What is better for fishing, a high tide or a low tide? New moon or full moon? Each fisherman has his own theory in this regard but the majorities accept the influence of the moon as a factor to be taken into account.

Apart from the moon, neither do we discover anything new if we state that the dawn and sunset are also moments of great importance for fishing. But in reality this is not always the case. It is not difficult to find a fishing table on the internet or a specialist magazine, and for the most part rarely would we find a consistent and accurate relationship between such points of reference.

So what is the best day for fishing?
The answer is simple: too many factors come into play to be able to provide a reliable theory in this regard.

For example:

• If the temperature of the water is too cold normally the fish will appear lethargic.
• Neither can we enjoy good fishing if the atmospheric pressures showing on our barometer plummet.
Although yes, undoubtedly we have all fished well with a new moon or a full moon, and in the final count perhaps we can deduce that on such days we have obtained the best results.

However, all fishermen are aware of how variable our luck can be. And this is probably one of the disheartening factors for some, although for the true enthusiasts this just encourages us to continue trying. Fishing that is too easy would quickly become boring.

Each new fishing season the fish in our waters diminish. The decade in which we went fishing with our fathers and brought home a bucket full of fish is long gone. Currently, fish are much less plentiful and on occasion we might return home with empty hands. But let’s not get too disheartened yet… Suddenly, one day, and without any apparent explanation, the tip of our rod started to twitch time and time again, while fish of all species began to avidly bite, gobbling up practically everything we offered them. After a time, the same way it all began, the activity of the fish vanished completely and the waters returned to their earlier calm.

These periods we have all experienced in our long fishing careers, during which suddenly the activity of fish increases markedly, are called solunar periods and they form the basis of the solunar theory


The solunar theory was initially proposed by the American John Alden Knight in 1926 and has been supported by the systematic analyses of scientists and biologists in subsequent years. It is based on experimental incidents from which it can be deduced that the action of the sun and the moon influences the activity of all living beings in nature. The times of day in which living beings show greater activity are the so-called solunar periods.

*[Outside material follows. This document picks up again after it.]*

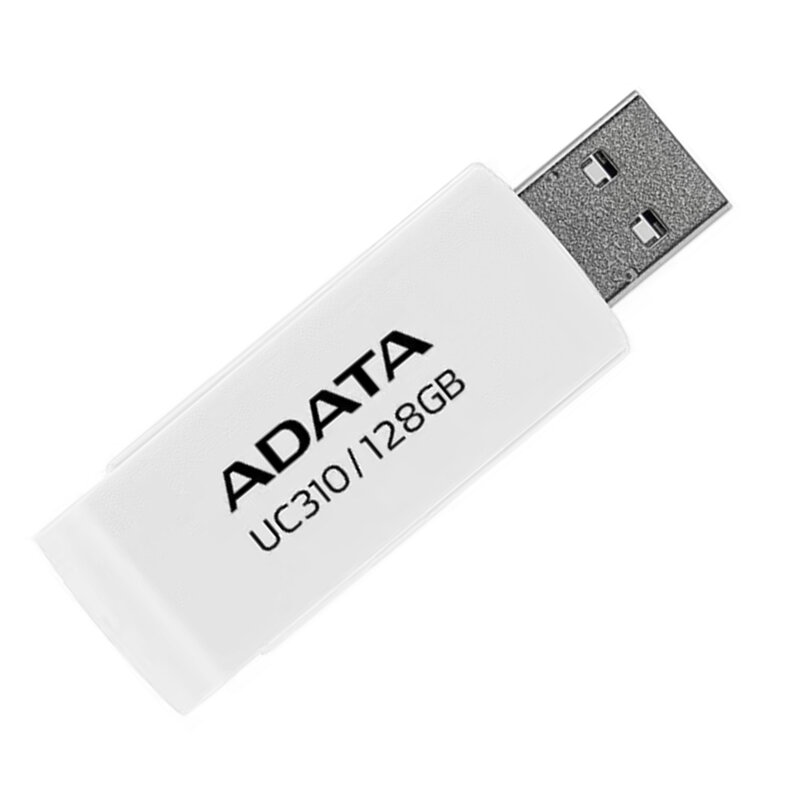 Memorie externa 128GB Adata, USB 3.2, UC310-128G-RWH, alb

We can distinguish two types of solunar periods:

– Major periods: have approximately 2 hours duration although on certain occasions they may exceed 3 hours. They begin the moment of the lunar transit (when the moon is overhead) and the opposing lunar transit (when the moon is under our feet). Normally these are the moments of greatest fish activity during each day. The most fervent supporters of this theory state that there is not one species of sport fish that cannot be found eating during a major Solunar Period.

– Minor periods: are intermediate periods of lesser duration (approximately 1 hour) which coincide with the rising and the setting of the moon. During these periods there is also an increase in fish activity in relation to the rest of the day. The solunar periods appear 4 times every lunar day.

Remember that a lunar day lasts 24 hours and 50 minutes approximately, so normally within the same day (24h) we will find 2 Major Periods and two Minor Periods.